V Alterman, PA Bamberger, M Wang… - Academy of …, 2021 - journals.aom.org
Summary
This paper, "Best not to know: Pay secrecy, employee voluntary turnover, and the conditioning effect of distributive justice," by Alterman, Bamberger, and Wang (2021), investigates how and when pay secrecy influences employee turnover intentions and firm voluntary turnover rates. Building on uncertainty management theory, the authors propose that employees assess organizational trustworthiness by triangulating perceptions of pay secrecy (a procedural justice cue introducing uncertainty) with their own or others' perceptions of distributive justice. Organizational trustworthiness, in turn, is posited as a significant predictor of voluntary turnover behaviors.

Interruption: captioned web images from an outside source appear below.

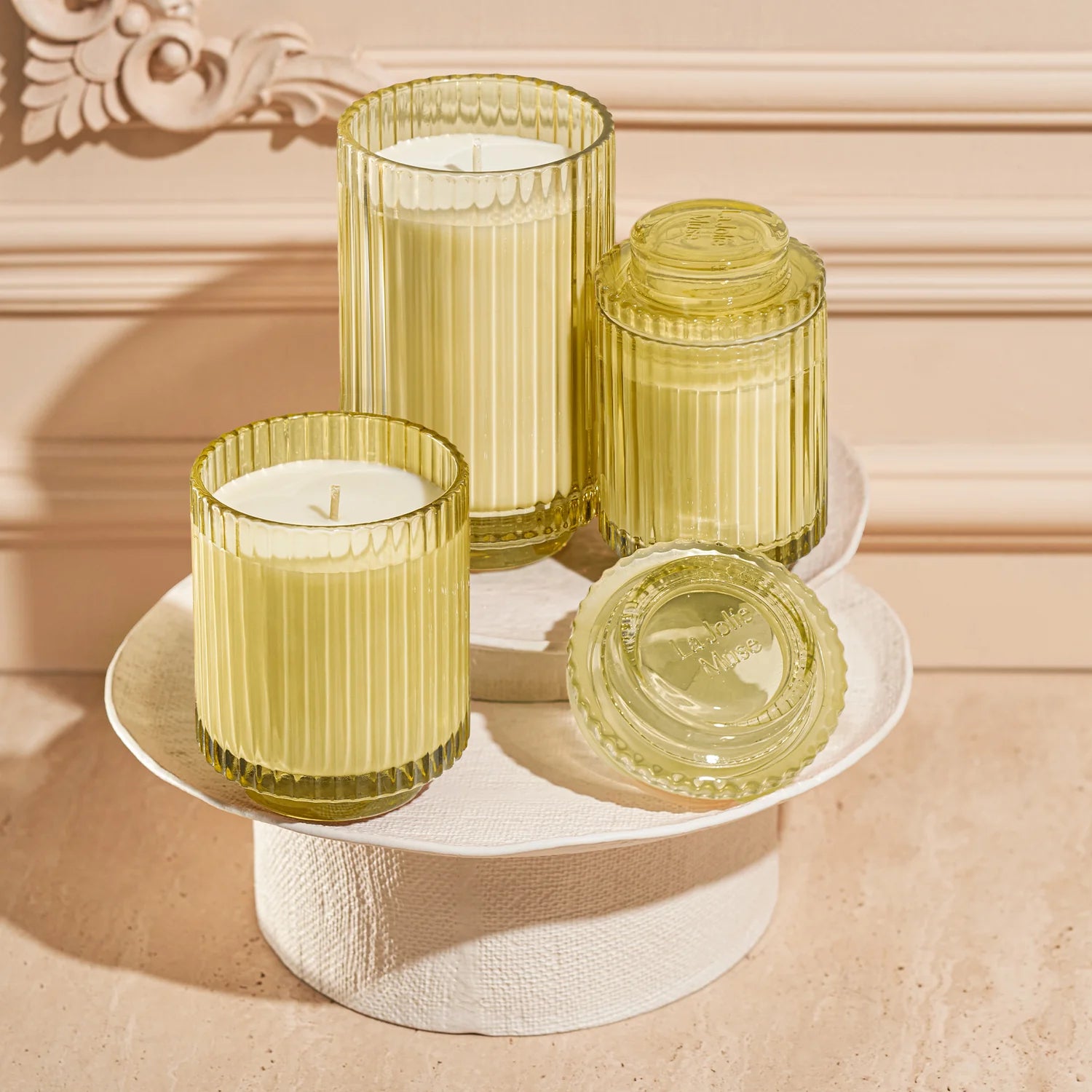 Set of yellow glass candles on a decorative stand with a beige background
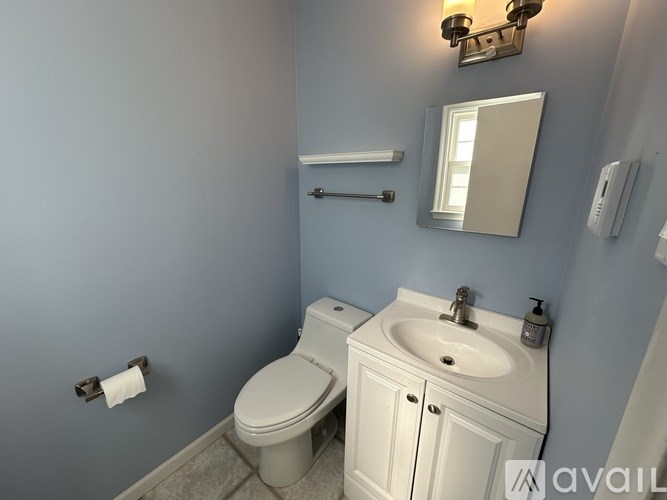 A bathroom with a toilet, sink, and mirror.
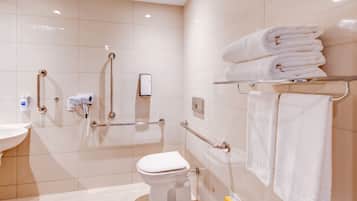 Un baño moderno con inodoro, secamanos y toallero.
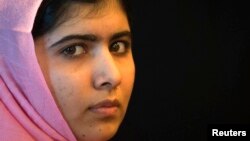 Malala Yousafzai, the Pakistani girl who was shot on a school bus by the Taliban last October for campaigning on the education of girls, sits on the sidelines of a news conference convened by 'A World at School' in New York, Sept. 23, 2013. 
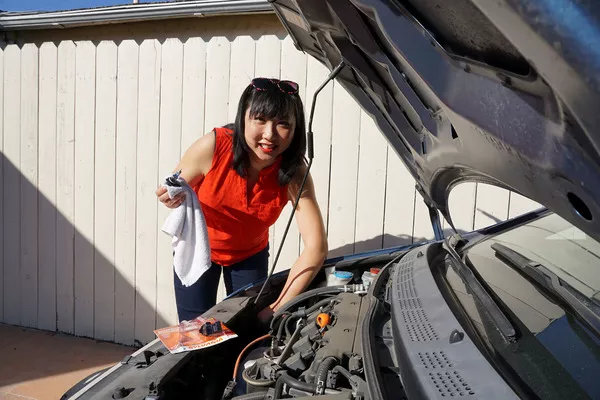Woman checking the engine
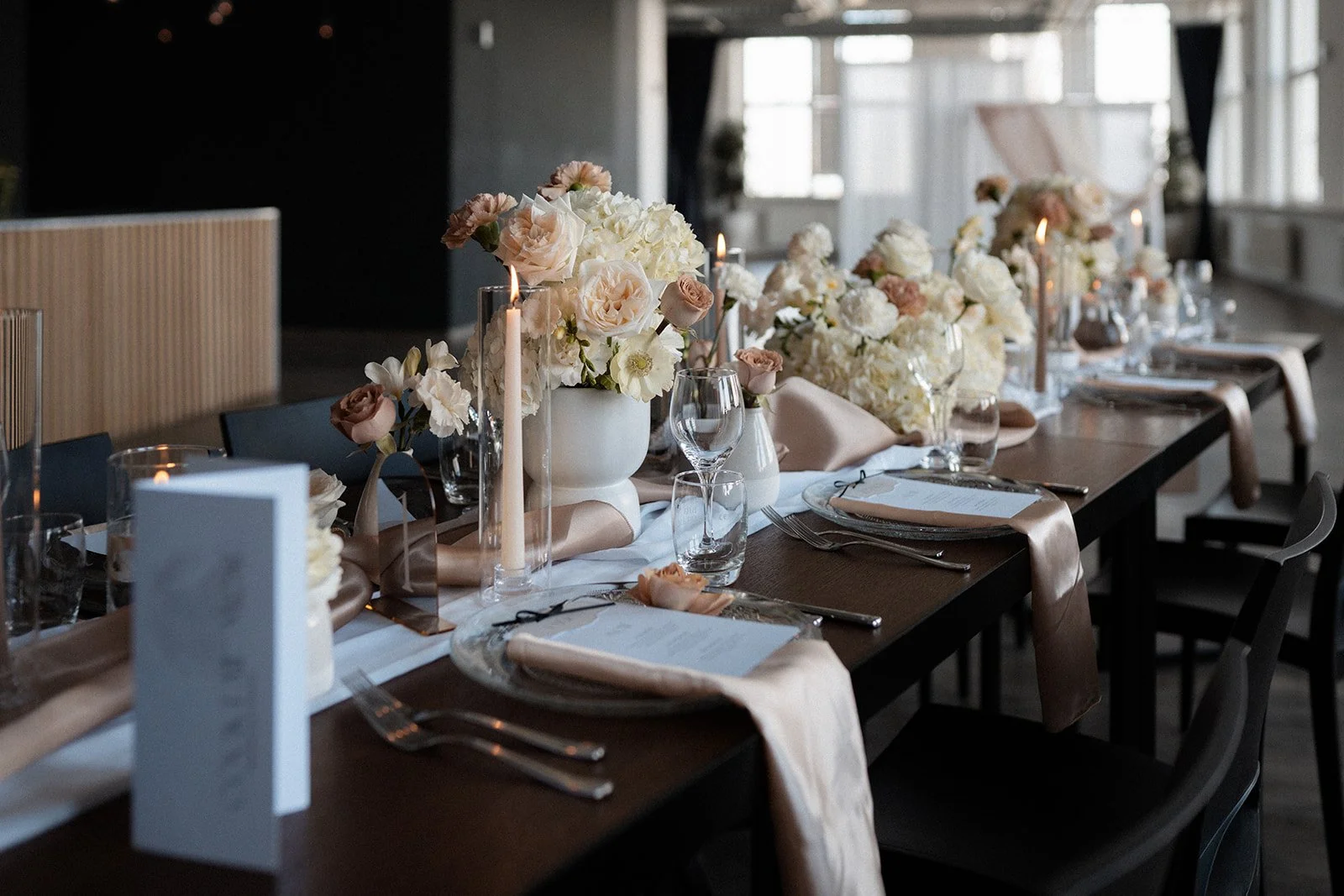 Ein elegant gedeckter Tisch mit weißen Blumenarrangements, Kerzen und formeller Tischware in einem gut beleuchteten Raum.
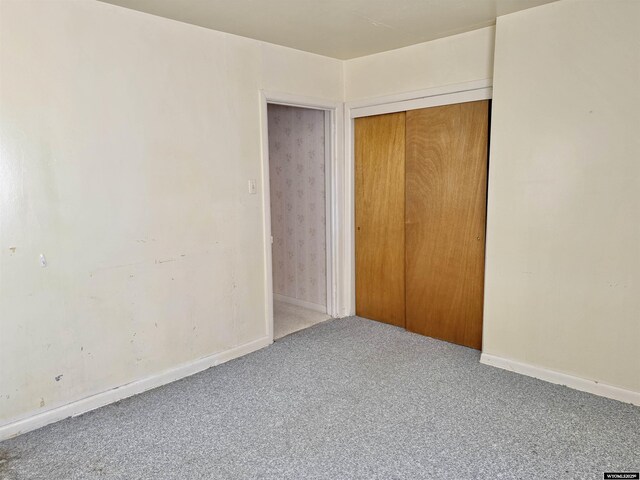 1101 Pine Ave, Kemmerer, WY 83101 - unfurnished bedroom featuring baseboards, a closet, and carpet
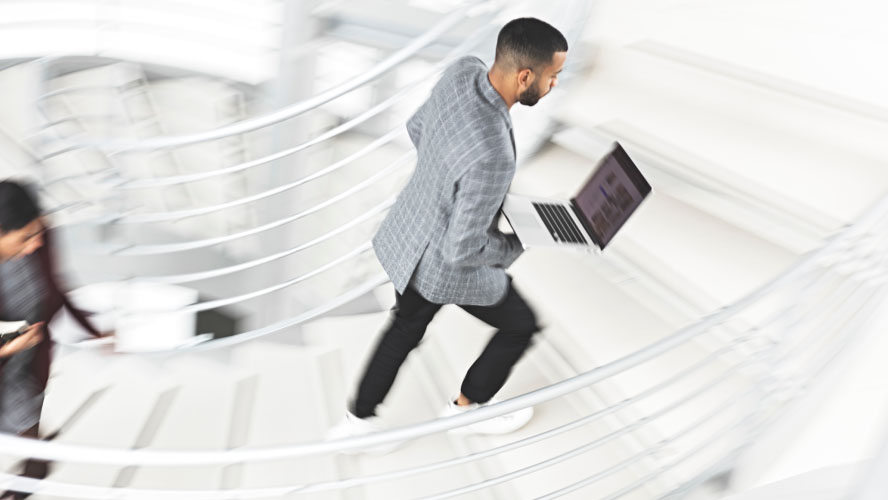 A businessman confidently descends stairs with a laptop in hand, embodying professionalism and productivity.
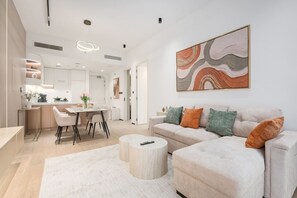 A modern living room with a sofa, coffee table, and a dining area with chairs. - FIRST CLASS | 1BR | Modern Haven | Tranquil City (JVC)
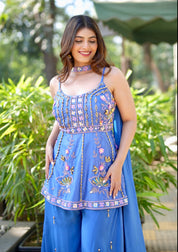 Woman wearing a blue embroidered outfit standing outdoors with greenery in the background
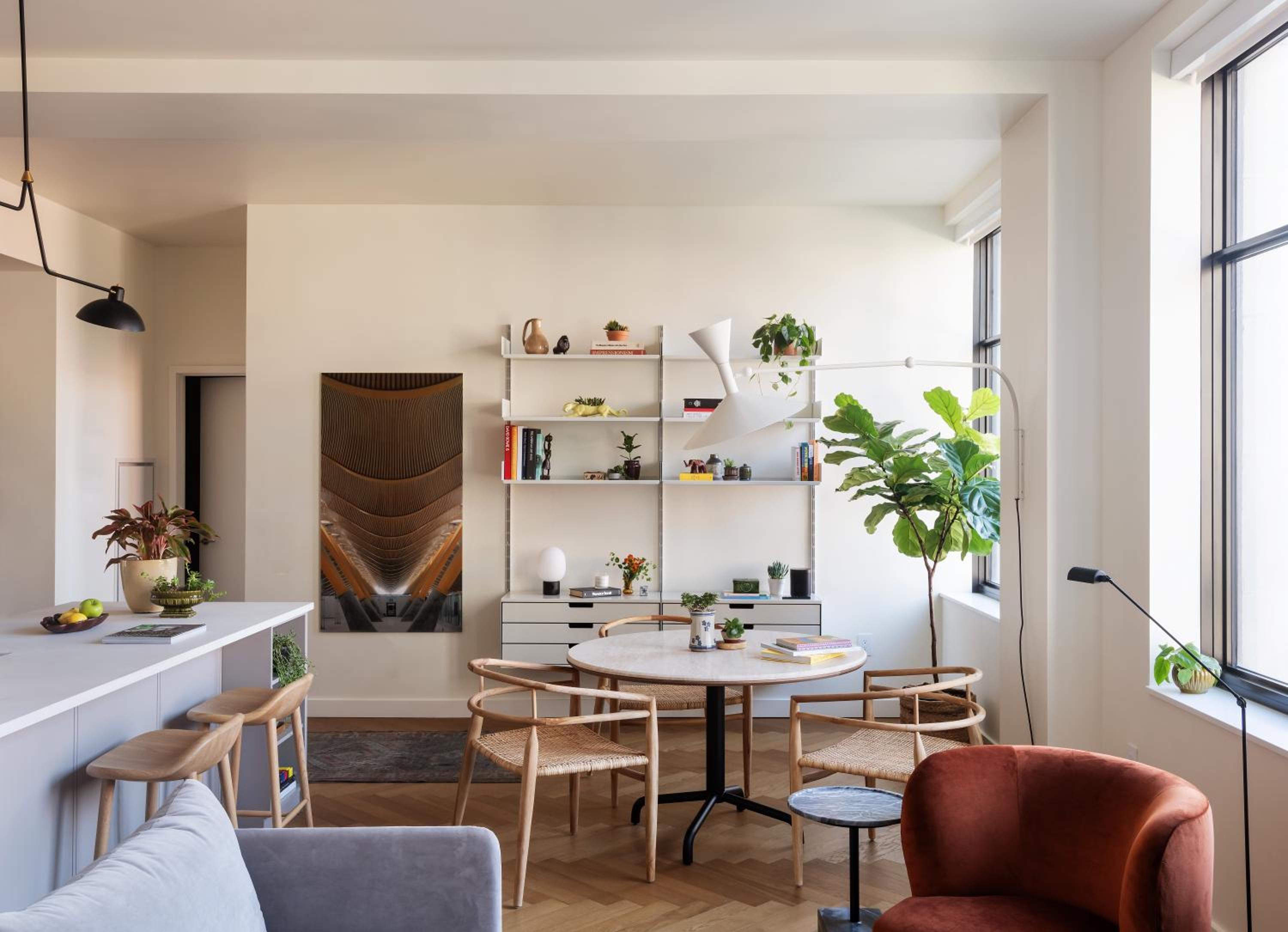 An open-plan living and dining area with parquet floors, a round table with woven chairs, and modular wall shelving.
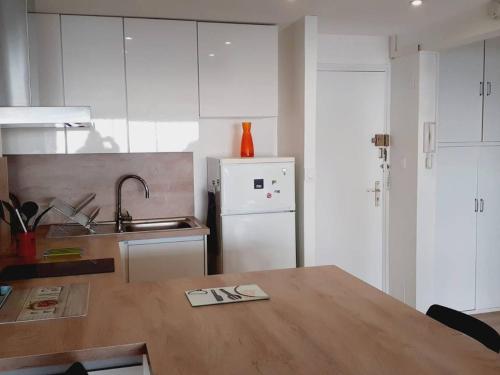 une cuisine avec une table en bois et un réfrigérateur blanc dans l'établissement Appartement rénové 3 pièces avec parking et clim, proche plage - FR-1-782-72, au Barcarès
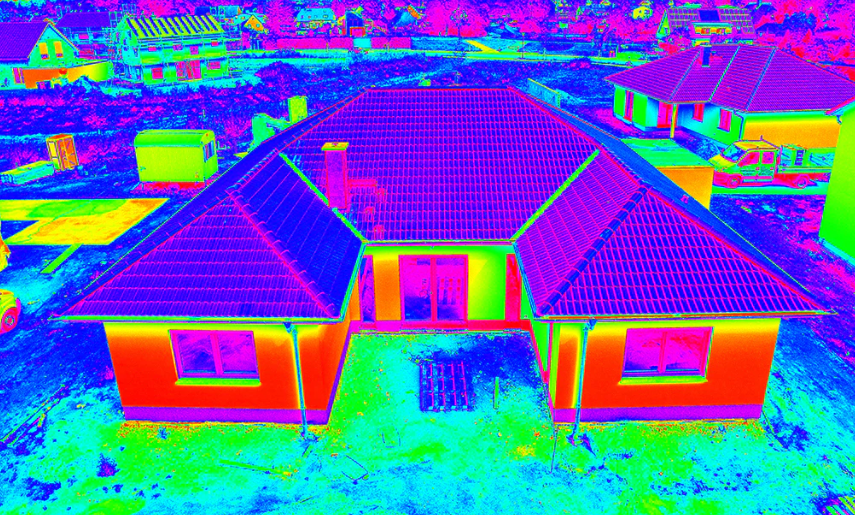 Thermal image of a house with a tiled roof and surrounding construction site.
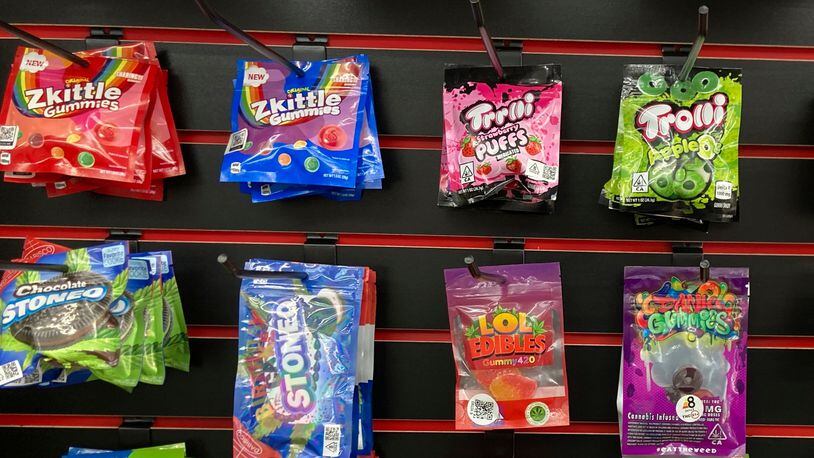 An array of products advertised as containing synthetically derived delta-8 THC is offered for sale at a smoke shop in north Seattle on Friday, Feb. 25, 2022. (AP Photo/Gene Johnson)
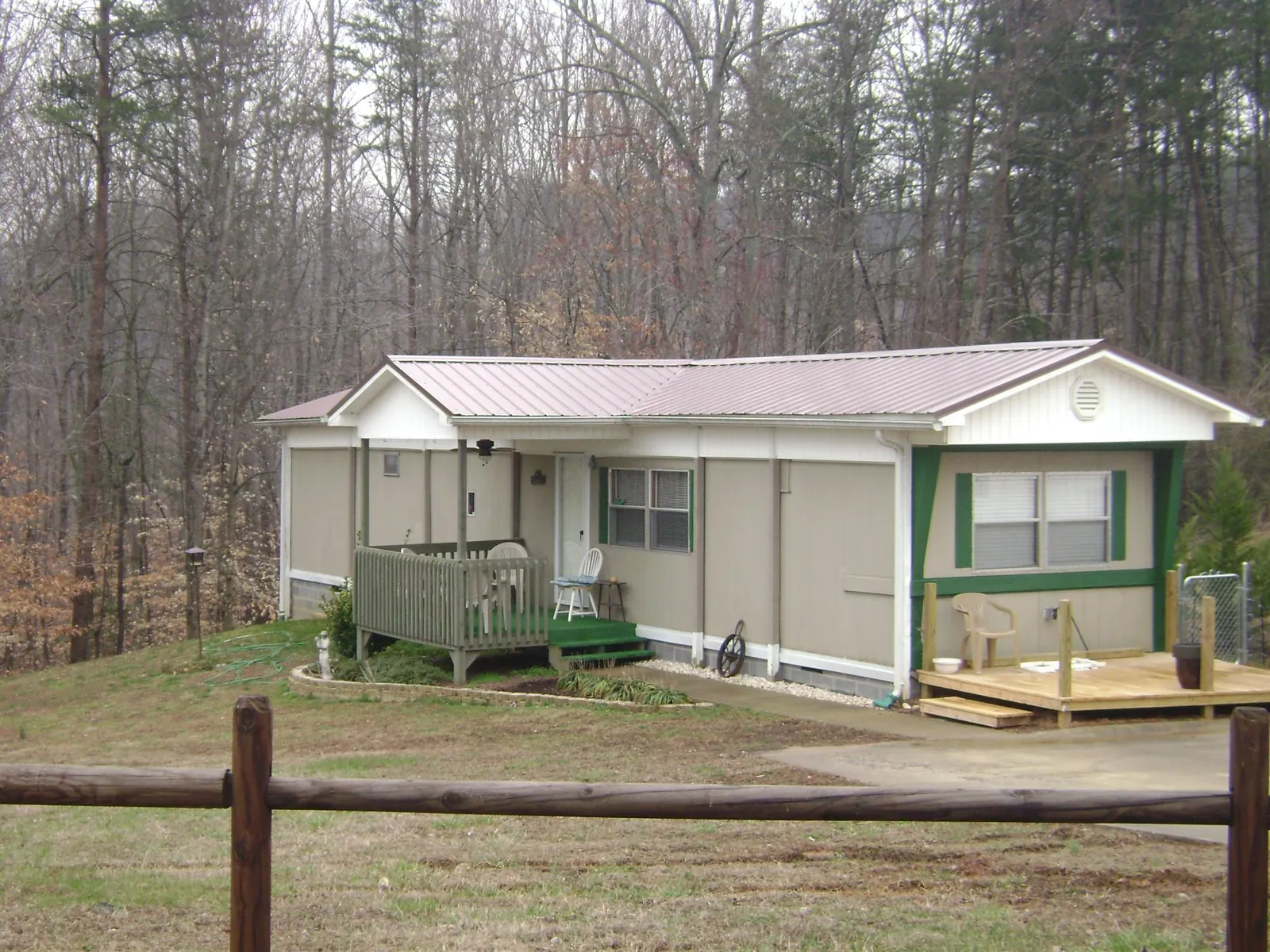 Mauve metal roof on a manufactured home with a new front deck in Guntown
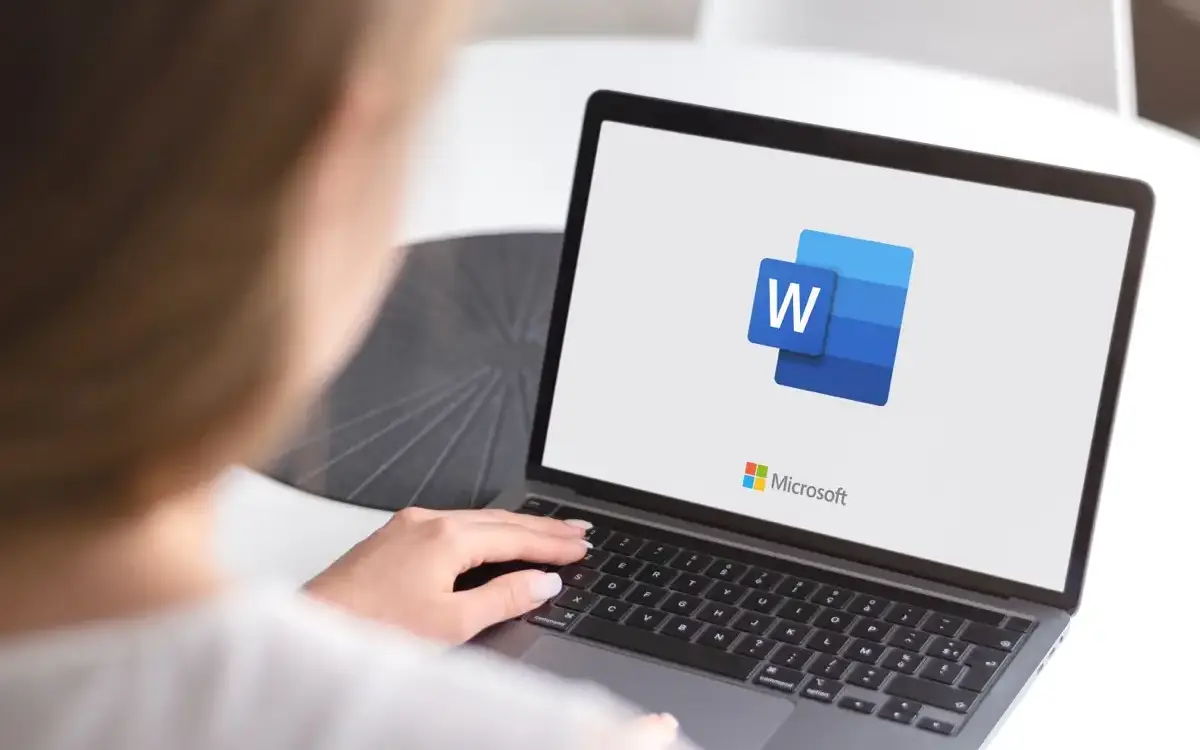 A computer screen displays a Microsoft Word document; the cursor is positioned at the beginning of a blank page, ready for text input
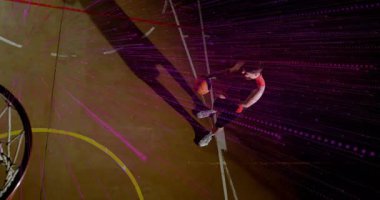 Erkek basketbolcu mor ışıkların altında top sürüyor ve basketbol için potaya doğru atıyor. Sporcu, performans, dinamik, rekabetçi, hareket, enerji, eğlence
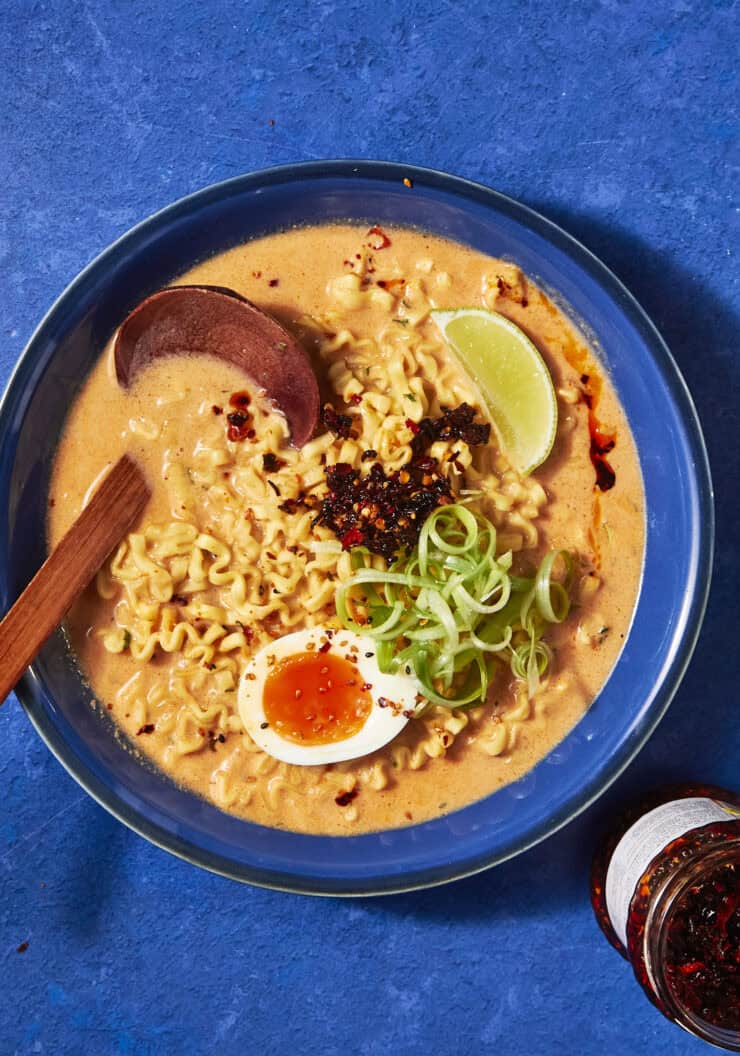 A bowl of ramen with creamy broth reminiscent of Buldak Soup, topped with a halved soft-boiled egg, sliced scallions, chili flakes, and a lime wedge. A wooden spoon rests in the bowl, and a jar of chili oil sits nearby on a blue surface.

The study employed two distinct investigations: an individual-level study (Study 1) examining turnover intentions and a firm-level study (Study 2) analyzing actual voluntary turnover rates. Across both studies, the core methodology aimed to test the moderating effect of distributive justice on the relationship between pay secrecy and turnover outcomes. Pay secrecy perceptions were measured using five author-developed items focusing on process and communication transparency, rather than outcome transparency. The key finding reveals that the relationship between pay secrecy and turnover is contingent upon perceptions of distributive justice, rather than being a universal effect. The implications of these findings are substantial for both theory and practice. When employees perceive a high distributive justice climate—meaning they believe pay is allocated fairly—pay secrecy can paradoxically lead to higher voluntary turnover. This is because the uncertainty introduced by secrecy can "muddy" employees' perceptions of fair treatment, despite an otherwise fair system, leading to doubt and potentially higher turnover. Conversely, in contexts where distributive justice is perceived as low, pay secrecy can actually be negatively linked to turnover rates, suggesting that employees might prefer not to know if they suspect unfairness, as transparency in such situations could exacerbate negative feelings and increase departures. The research suggests an important extension to organizational justice theories, indicating that when procedural justice cues (like pay secrecy) are confounded with uncertainty, the typical compounding interaction with distributive justice may be replaced by an antagonistic one.
Key Findings
- * The relationship between pay secrecy and employee voluntary turnover is not universal; it is contingent upon employees' perceptions of distributive justice. * When employees perceive high distributive justice (fair pay), pay secrecy is positively linked to voluntary turnover rates. * When employees perceive low distributive justice, pay secrecy can be negatively linked to voluntary turnover rates. * Employees triangulate pay secrecy perceptions with distributive justice perceptions to assess organizational trustworthiness, which in turn drives turnover intentions and behavior.